Each year, La Clusaz hosts a moonlit walk through town (la balade au clair du lune in French) when the moon is full and bright in the sky. All the street lights are turned off, but the town is still lit by more than the moon. Candles flicker on the ground, in trees, and on window sills along the main streets which are blocked to cars and full of pedestrians and entertainers.
This year’s theme was light. I guess it would be a bit boring without any additional lighting to view the entertainment by, so the entertainment itself was illuminated. Pictured above is one of the acts that got friendly with the tourists. I love the smile on the drummer’s face as he tries to get a member of the public dancing. Their light came from the giant illuminated cones around them. This was the extremely upbeat band compared with the one I’d seen marching down the street ten minutes earlier: they sounded like a funeral procession from New Orleans.
Meanwhile, pictured on the right are two illuminated angel people on stilts, along with a juggler and a non-stilted illuminated angel person to keep them company. They were really magical to watch as they floated and wobbled carefully along the roads, sometimes backwards. The juggler had green illuminated pins which was probably a good thing, or nobody would have noticed him juggling. All the kids were fixated on the white lights.
The kids were also fixated on the big screen that took temporary silhouette photos of anyone standing in front of it. My friends and I tried to get in there to do YMCA with our arms, but the kids kept us back.
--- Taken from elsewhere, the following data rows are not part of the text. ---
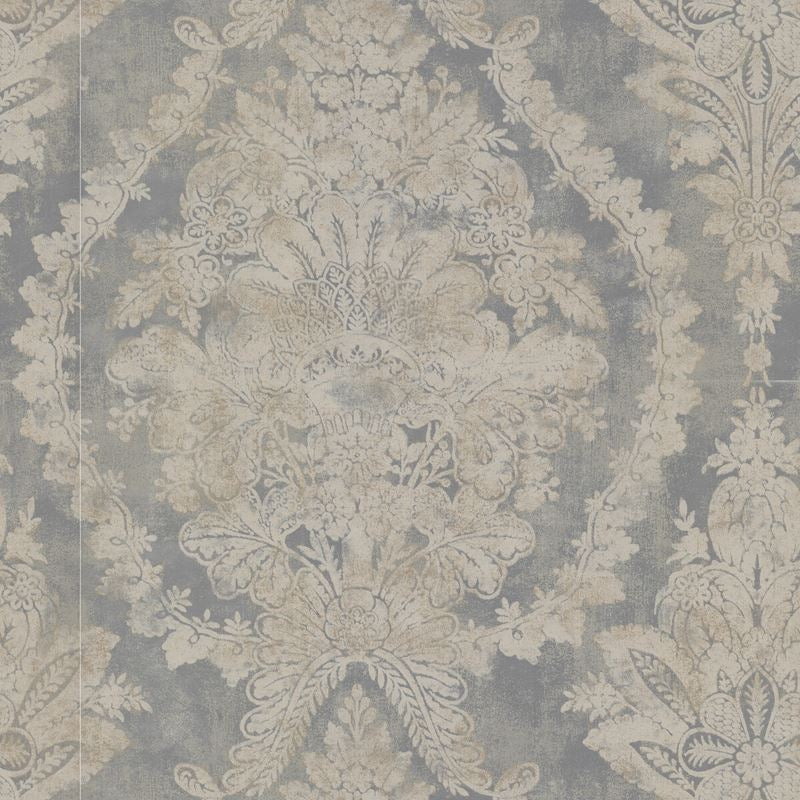 Sample W3715.11.0 Kravet Design, W3715-11 by Kravet Design Wallpaper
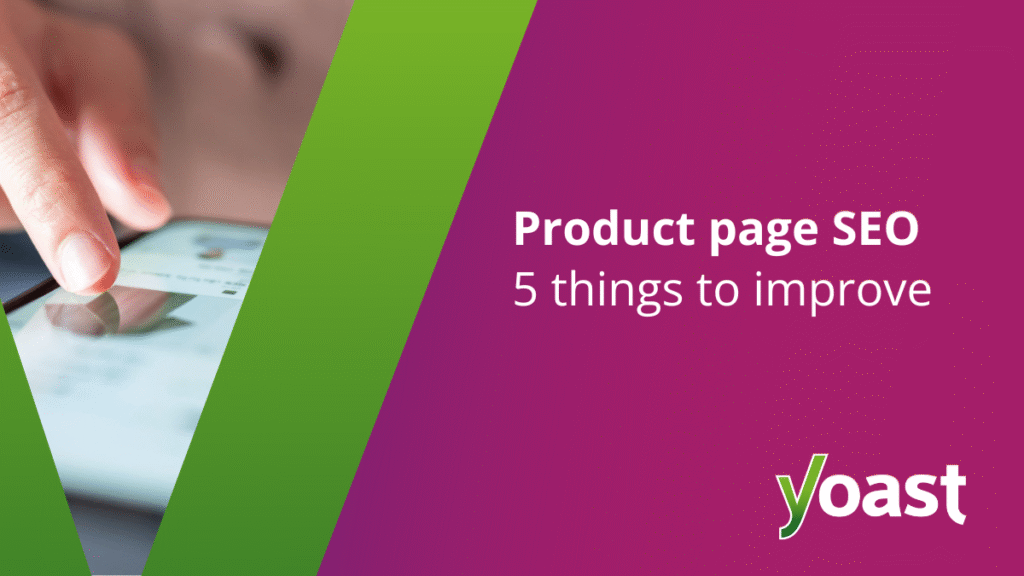 5 things to improve • Yoast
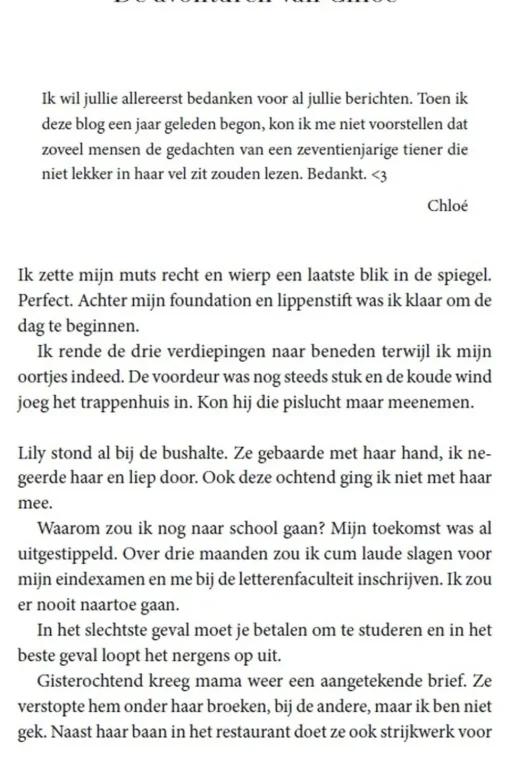 Lannoo Boek Onder De Sterren - Roadtrip Roman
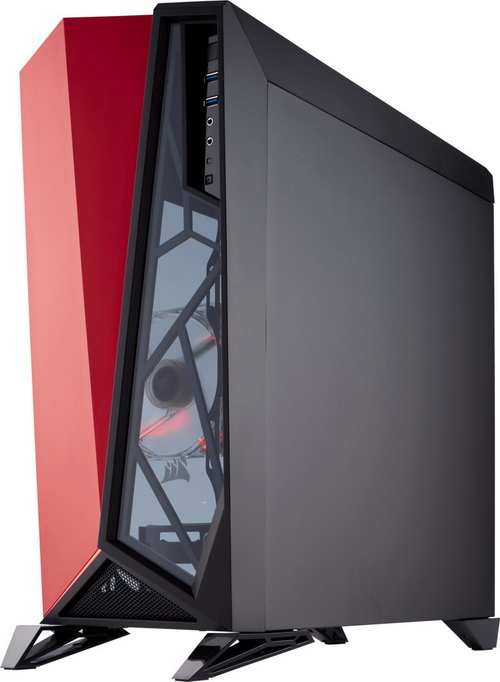 Corsair Case Spec-Omega Black & Red (CC-9011120-WW)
When I finally muscled my way to the screen, strangers joined me before my friends could (reluctantly) make it, so I did a C by myself while the kids around me smiled as part of their poses, which was as pointless as my C without the Y, M and A since silhouettes don’t show smiles.
The giant inflatable angel, pictured, floated silently over people’s heads through town. It risked being popped as the two blokes driving it tried to get it under an arch of decorative street lights (unlit) and got it wedged between the arch and a neighbouring street light (turned off as well — no wonder they ran into it). Moments earlier, it had been floating up and down ‘watching’ a two-piece band playing something folky. By the time it made it under the street lights, everybody watching the band had turned their attention to the floating angel, breaking out in applause, mid-song, when the angel made it under the lights without popping. The band seemed less than impressed and I reckon they would have popped the inflatable angel with one of their instruments had it been close enough to try.